I recall a conversation with a friend a little while back. She, as so many of us have during this pandemic, was looking for a new hobby. Basketball had always piqued her interest, so she had decided to put on a game that night.
Naturally, as a Toronto native, she had chosen the Toronto Raptors game against the Miami Heat — which resulted in a Raptors loss and an unusual feeling of disappointment for her. Yet, it struck me that her initial message as she put the broadcast on was that she didn’t think the game was going to be exciting because there was no audience.
She was right. Even as someone who seldom spectated or partook in sport, she understood the significance of an arena packed to the rafters with fans.
Since the advent of COVID-19, sports arenas and stadiums have been operating at a fraction of normal capacity — if accommodating audiences at all. To the credit of the various leagues and associations, most did try to substitute the lack of fans with some pre-recorded cheering audio — which I found to be adequate at best and incredibly fake and distracting at worst.
Truly, no pre-recorded fan noise could replace the “oohs” and “ahs” that would have erupted when Ryan Garcia landed a flurry of punches on Luke Campbell on January 2 or when Dustin Poirier knocked out Conor McGregor on January 23. Pandemonium would have ensued at the Scotiabank Saddledome when Jake Muzzin flicked that puck at Matthew Tkachuk’s chest on January 26. And the Philadelphia faithful would have made enough noise to shake the stadium when Tobias Harris sank that game-winning shot over the good defense from Alex Caruso on January 27.
These are just a few great recent moments I watched where a fan presence would be like trying to put out a fire with gasoline.
On February 7, we’ll see the Tampa Bay Buccaneers take on the Kansas City Chiefs in Super Bowl LV. One of the biggest television events of the year and its much-awaited half-time show will be performed in a stadium at only around a third of its capacity for the first time in its history — though 7,500 of the seats will be free for vaccinated health care workers, which is a nice gesture in these trying times.

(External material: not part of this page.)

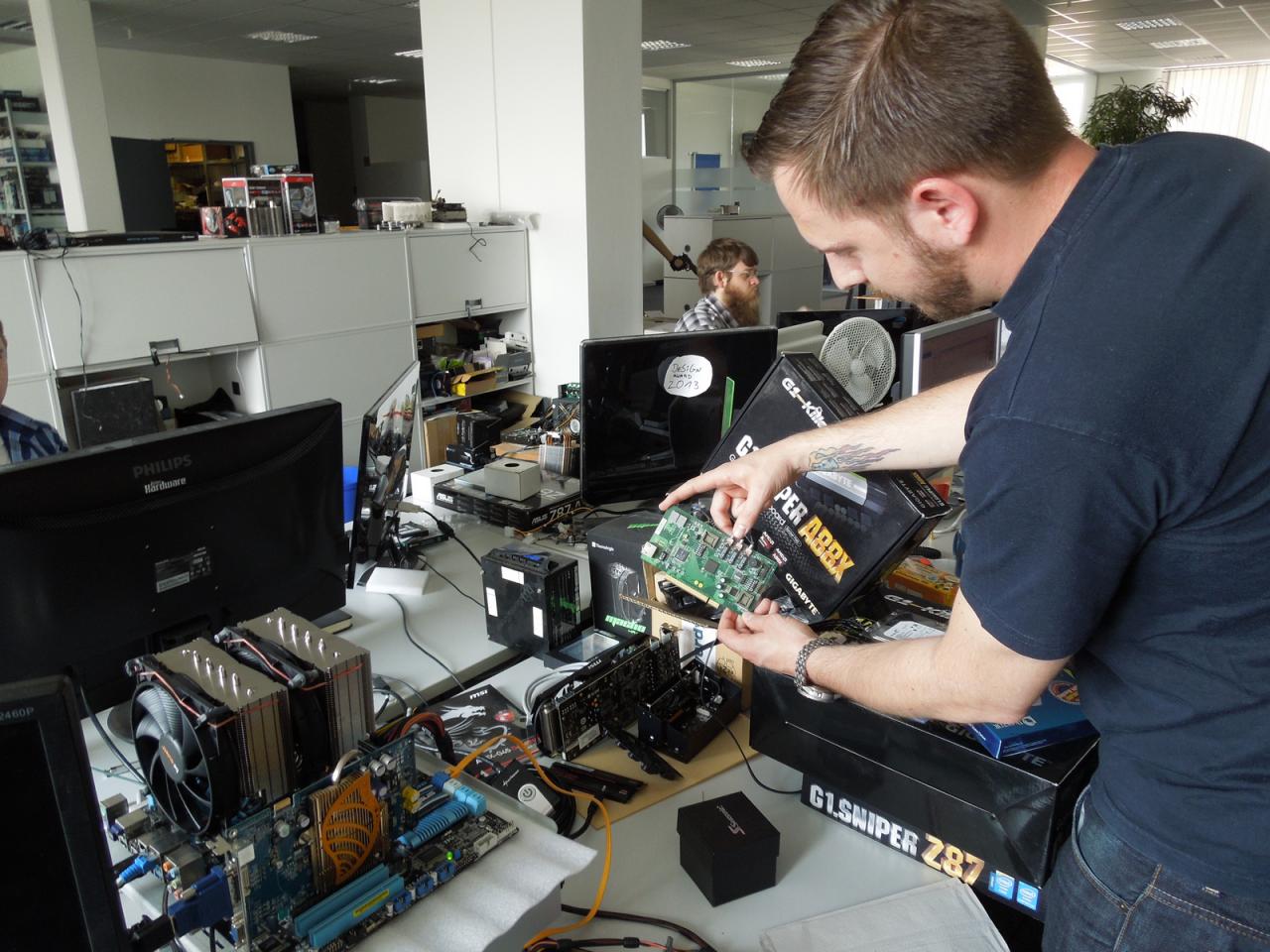[25/04/2014] Tom, der mittlerweile das nach jeder Produktion wiederkehrende Aufräum-Ritual verinnerlicht hat, ist auf ein sonderbares und antiquiertes Stück Hardware gestoßen, das nicht oft zum Einsatz kommt. Sie können ja per Kommentar mit raten, worum es sich handelt. Und wenn das jetzt eigentlich nicht hier hin gehört: Da es um Herrn Loskes Club aktuell auch nicht zu besten steht, drücken Sie doch auch die Daumen, dass die Nürnberger nicht absteigen.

Arguably, the biggest televised sporting event in North America should prove a great barometer for just how different the fan experience has been and will be for the foreseeable future.
To be fair, as with everything, one eventually gets used to the synthetic fan noises for better or worse. One may even say that it is a privilege to be able to watch the sports we love despite the circumstances, which is true.
Still, I can’t help but feel that the empty stadiums have left a void bigger than the empty bleacher seats. During the Raptors’ championship run in 2019, I remember my first instinct as a person who loved the game was to be defensive when people who hadn’t been fans before the win came out of the woodwork for a winning team. I am happy to admit that feeling passed when I saw the parades and celebrations all over the country, which made me realize that sports are at their best when they’re bringing people together.
We must patiently wait for when sports and its fans are reunited — when it is at its very finest once again.